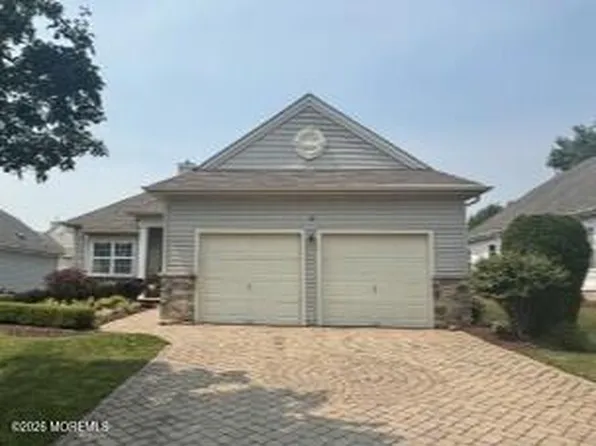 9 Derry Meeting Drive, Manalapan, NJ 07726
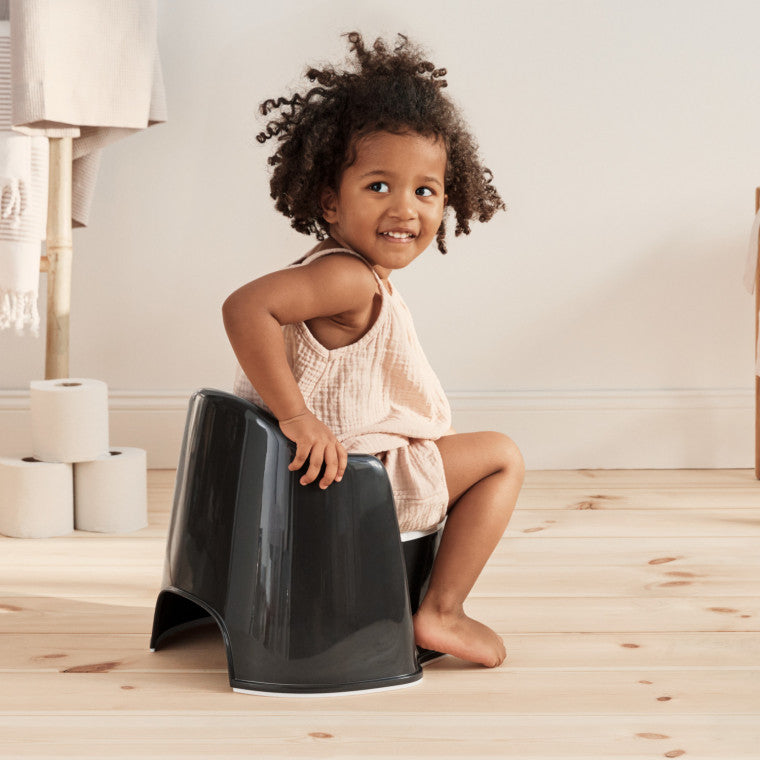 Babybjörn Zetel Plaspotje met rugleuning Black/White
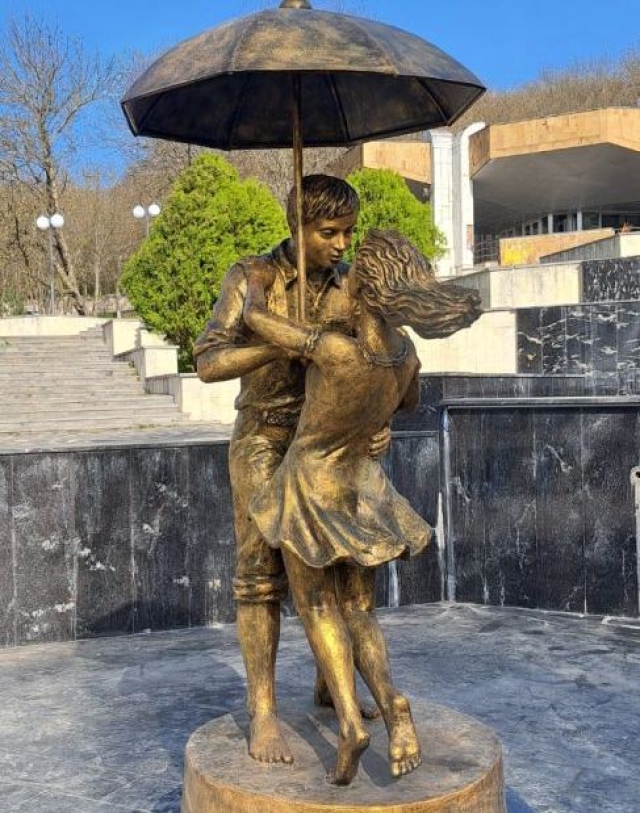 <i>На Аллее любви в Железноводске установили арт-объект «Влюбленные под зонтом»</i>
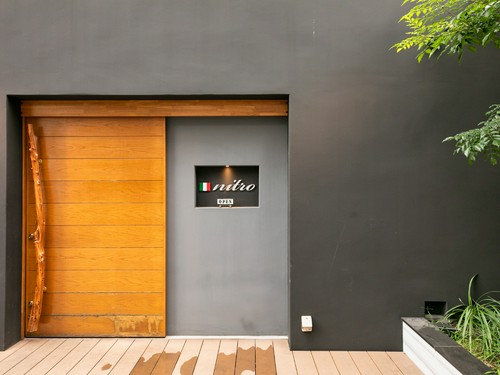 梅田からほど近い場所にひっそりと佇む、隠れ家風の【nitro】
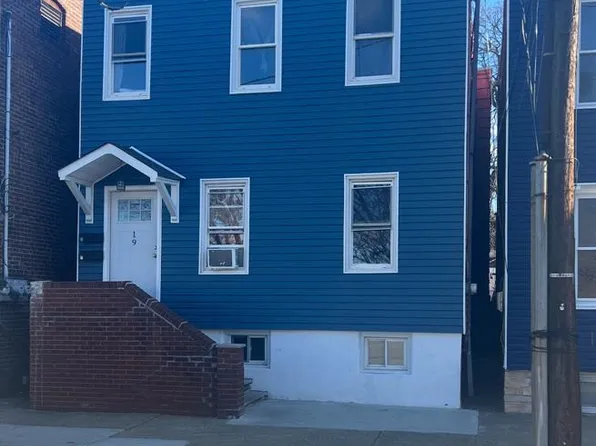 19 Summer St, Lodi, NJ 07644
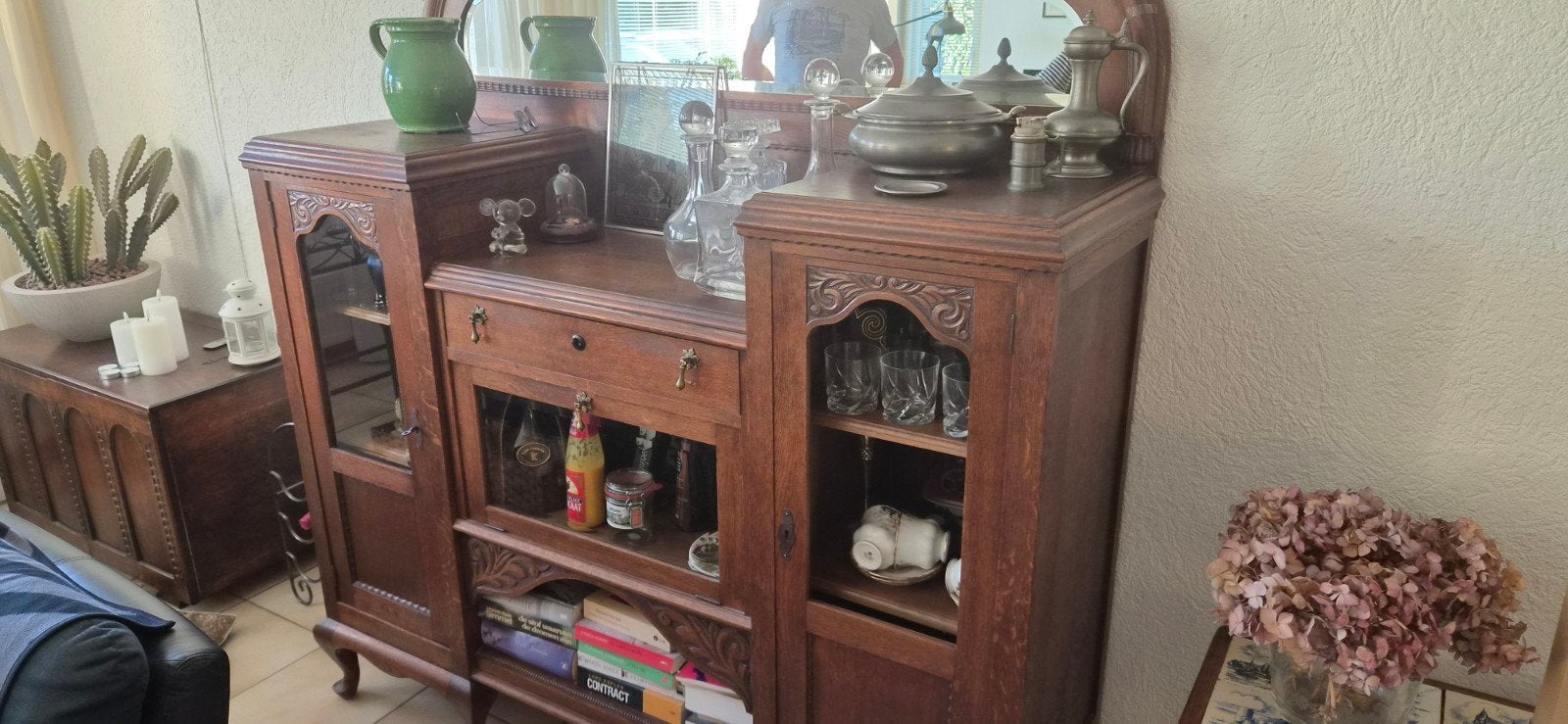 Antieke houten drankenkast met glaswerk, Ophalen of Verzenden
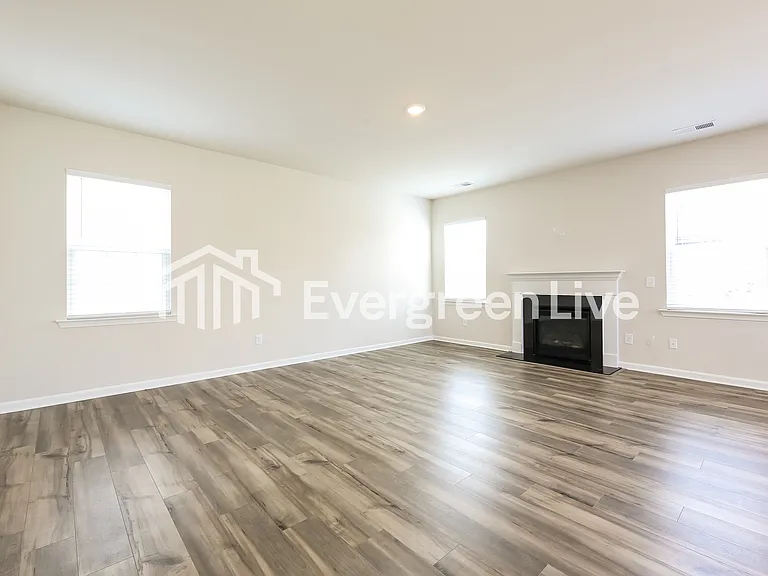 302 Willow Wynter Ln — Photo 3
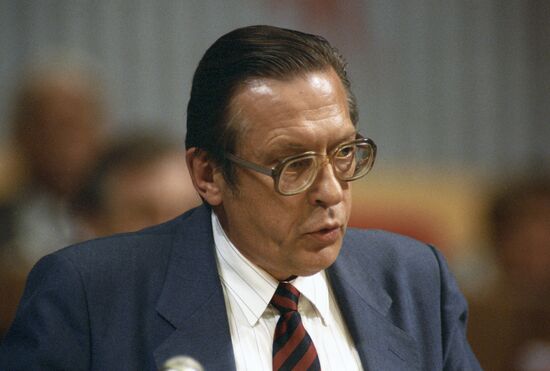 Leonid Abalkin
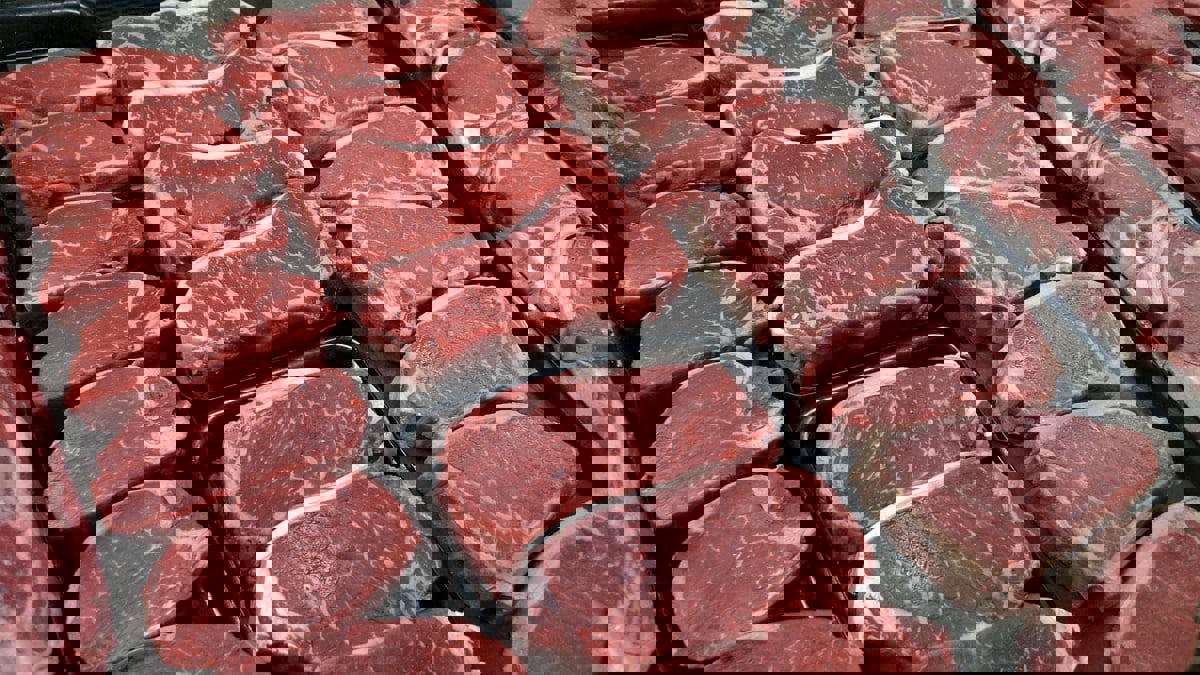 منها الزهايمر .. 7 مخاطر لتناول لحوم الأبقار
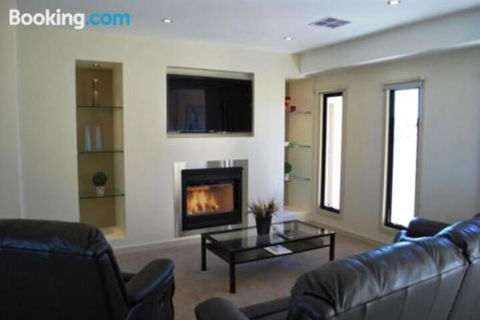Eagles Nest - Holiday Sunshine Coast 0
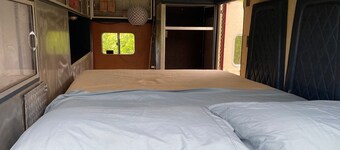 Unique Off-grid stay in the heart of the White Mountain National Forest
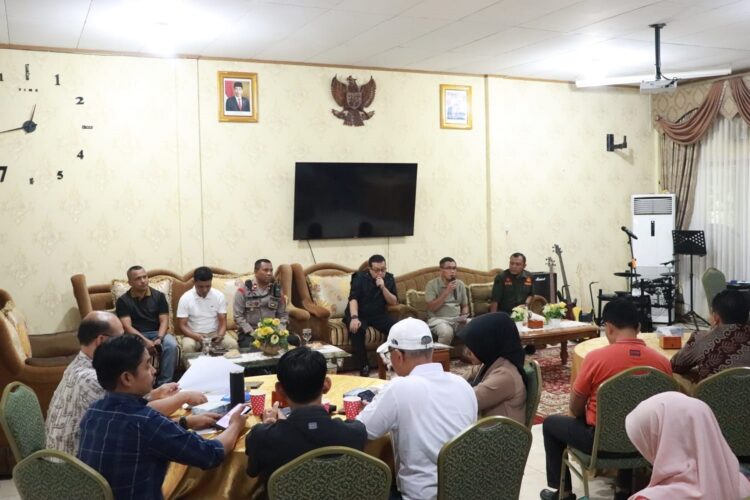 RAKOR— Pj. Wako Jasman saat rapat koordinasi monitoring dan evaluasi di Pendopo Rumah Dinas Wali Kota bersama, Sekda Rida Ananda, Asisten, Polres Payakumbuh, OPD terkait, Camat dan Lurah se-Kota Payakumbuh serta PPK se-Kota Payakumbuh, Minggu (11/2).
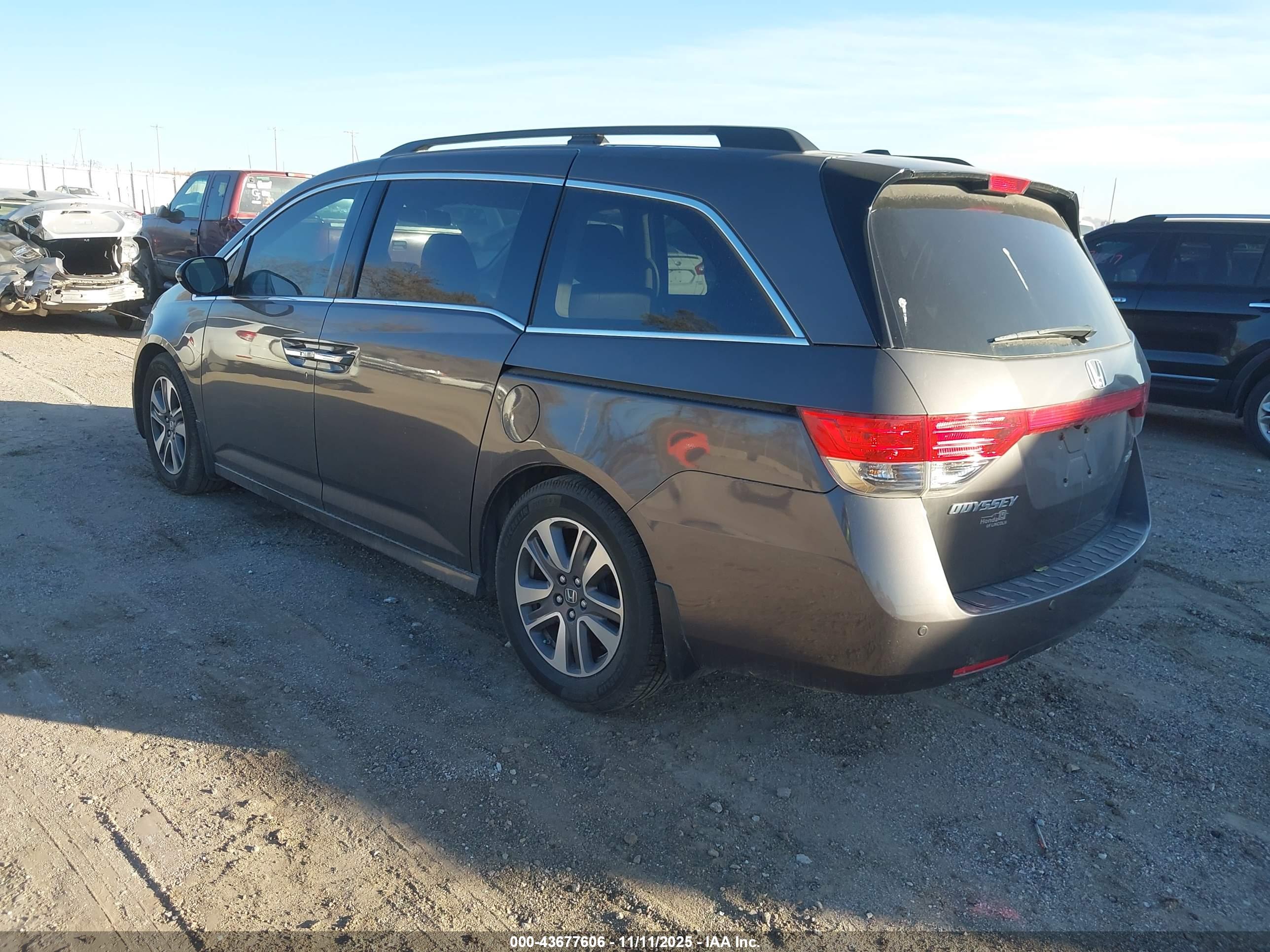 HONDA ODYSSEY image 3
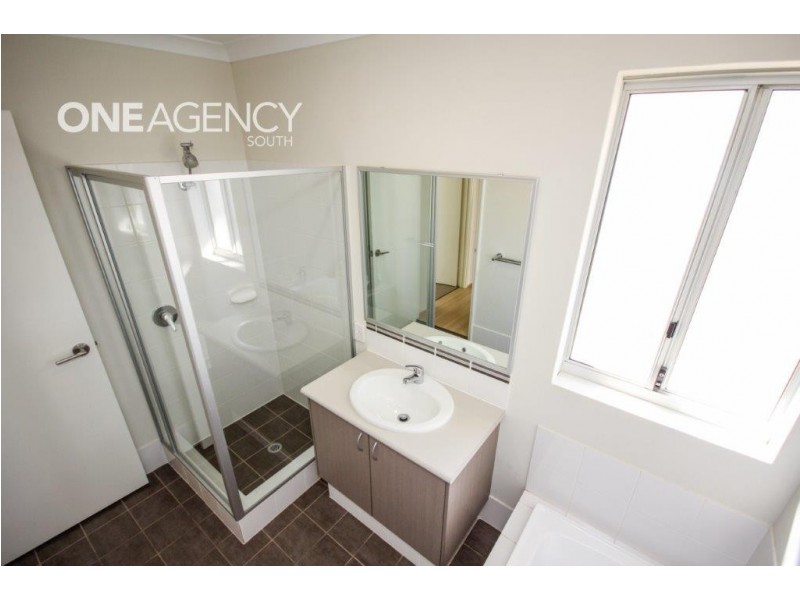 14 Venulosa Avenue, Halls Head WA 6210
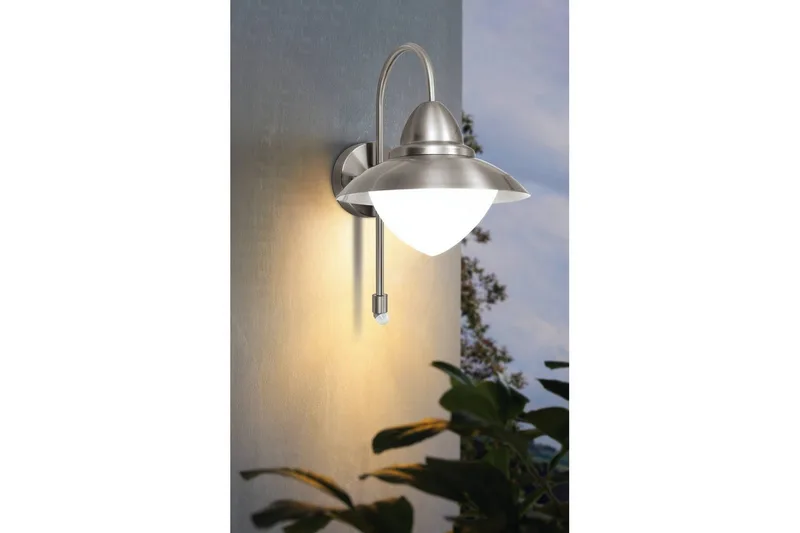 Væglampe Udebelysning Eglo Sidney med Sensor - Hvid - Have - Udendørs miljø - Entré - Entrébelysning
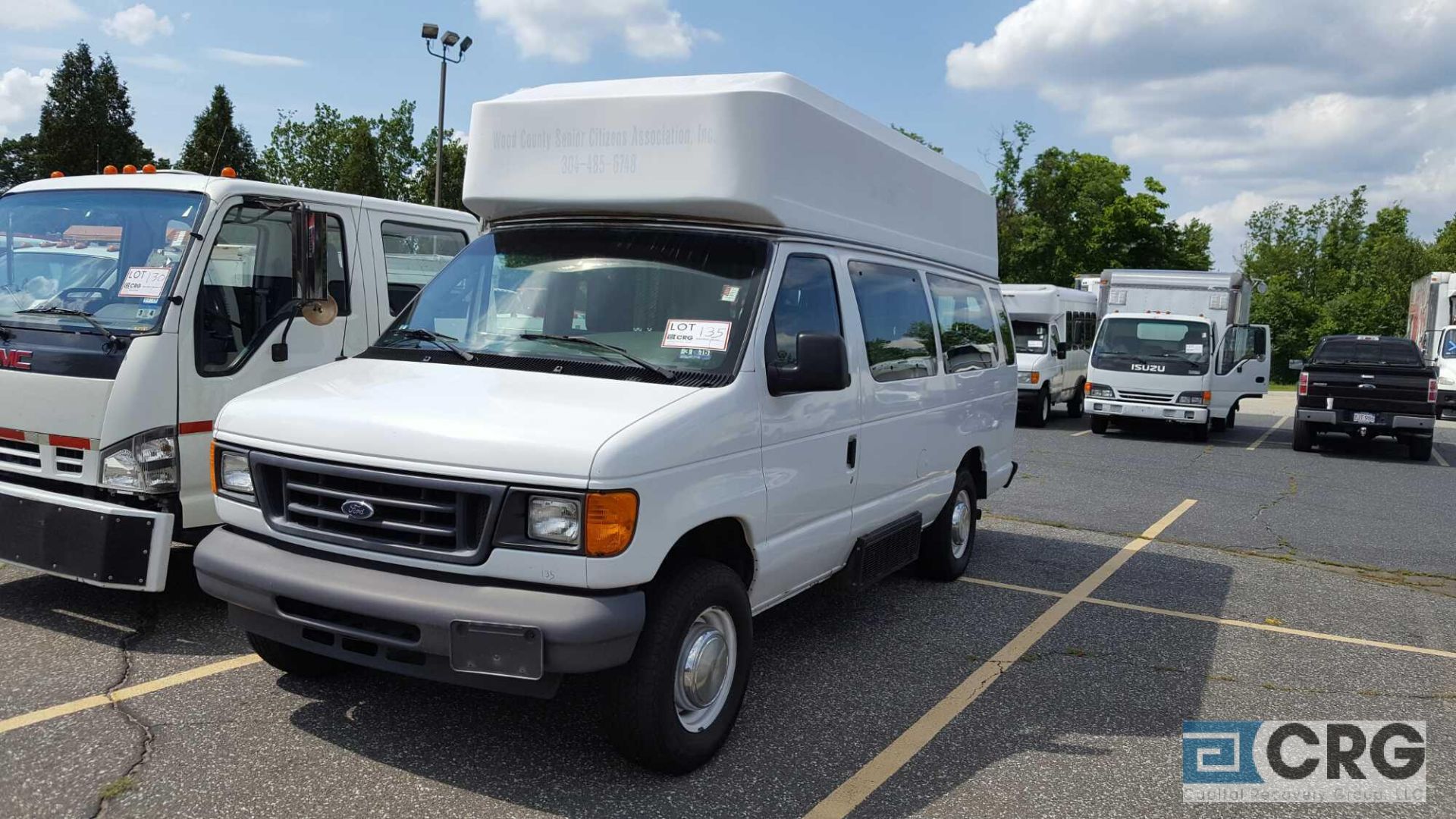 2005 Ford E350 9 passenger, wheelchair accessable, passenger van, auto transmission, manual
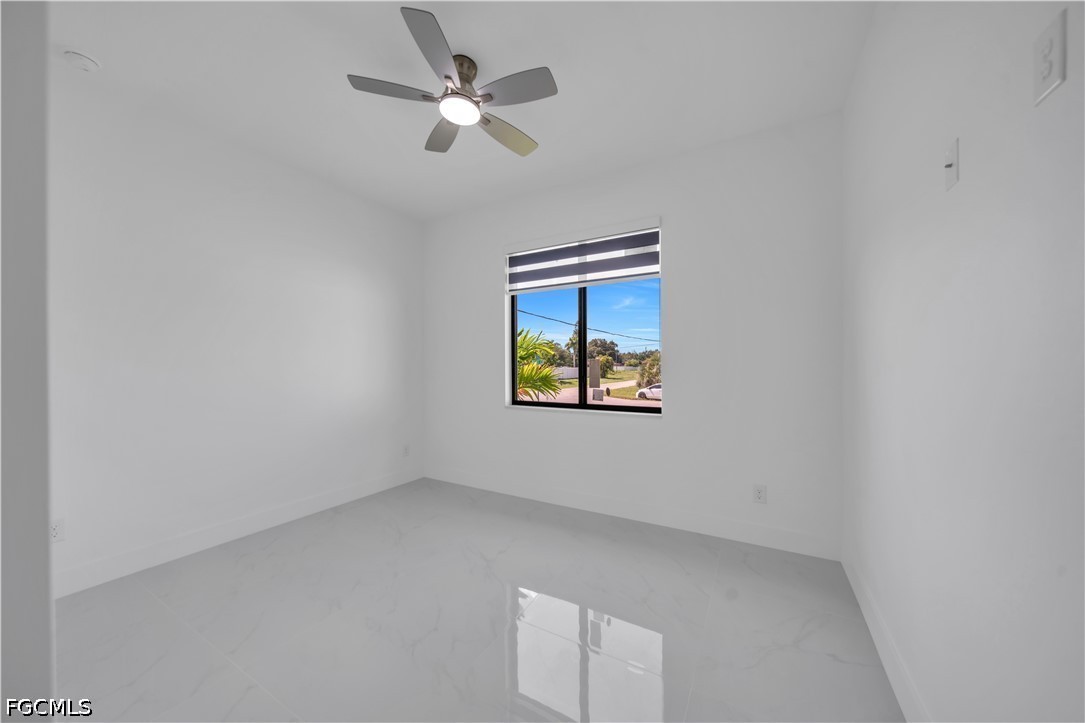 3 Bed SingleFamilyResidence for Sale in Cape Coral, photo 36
━━━
◆ Work instructions ◆
Would you copy out every entry above word for word, without the pictures?

◆ Solution to this exercise ◆
 9 Derry Meeting Drive, Manalapan, NJ 07726
 Babybjörn Zetel Plaspotje met rugleuning Black/White
 <i>На Аллее любви в Железноводске установили арт-объект «Влюбленные под зонтом»</i>
 梅田からほど近い場所にひっそりと佇む、隠れ家風の【nitro】
 19 Summer St, Lodi, NJ 07644
 Antieke houten drankenkast met glaswerk, Ophalen of Verzenden
 302 Willow Wynter Ln — Photo 3
 Leonid Abalkin
 منها الزهايمر .. 7 مخاطر لتناول لحوم الأبقار
Eagles Nest - Holiday Sunshine Coast 0
 Unique Off-grid stay in the heart of the White Mountain National Forest
 RAKOR— Pj. Wako Jasman saat rapat koordinasi monitoring dan evaluasi di Pendopo Rumah Dinas Wali Kota bersama, Sekda Rida Ananda, Asisten, Polres Payakumbuh, OPD terkait, Camat dan Lurah se-Kota Payakumbuh serta PPK se-Kota Payakumbuh, Minggu (11/2).
 HONDA ODYSSEY image 3
 14 Venulosa Avenue, Halls Head WA 6210
 Væglampe Udebelysning Eglo Sidney med Sensor - Hvid - Have - Udendørs miljø - Entré - Entrébelysning
 2005 Ford E350 9 passenger, wheelchair accessable, passenger van, auto transmission, manual
 3 Bed SingleFamilyResidence for Sale in Cape Coral, photo 36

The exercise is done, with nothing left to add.